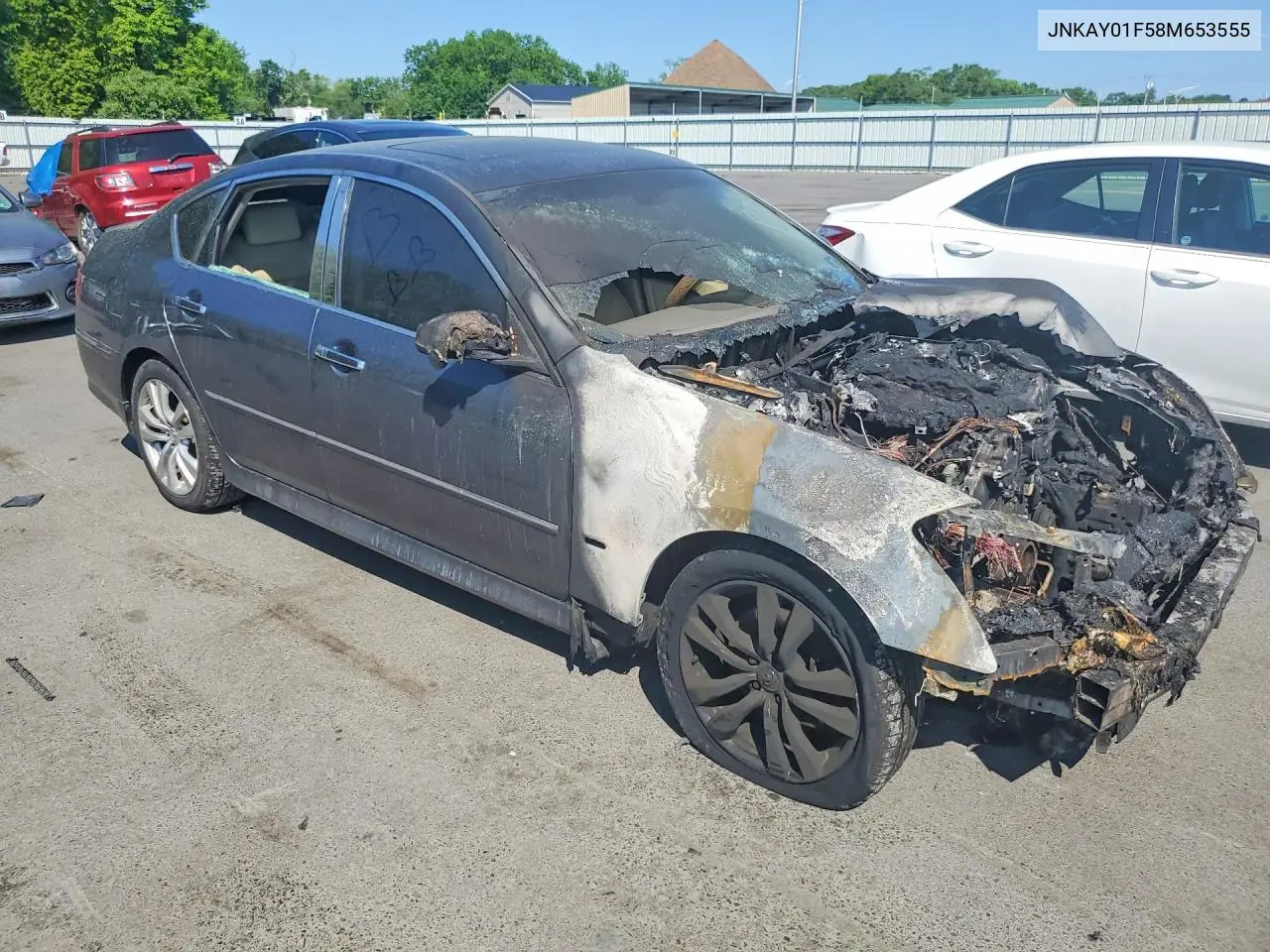 2008 Infiniti M35 X VIN: JNKAY01F58M653555 Lot: 54268766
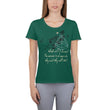 Always Win Now Haiku With Butterfly on Women's Original Athletic T-Shirt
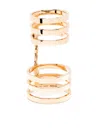 Repossi 18kt Rose Gold Ring In Gold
== == ==
Exact copies of the lines from the one containing "Always Win Now" through the final line of the data are required; pictures are to be omitted.

• SOLUTION FOR THIS EXERCISE:
 Always Win Now Haiku With Butterfly on Women's Original Athletic T-Shirt
 Repossi 18kt Rose Gold Ring In Gold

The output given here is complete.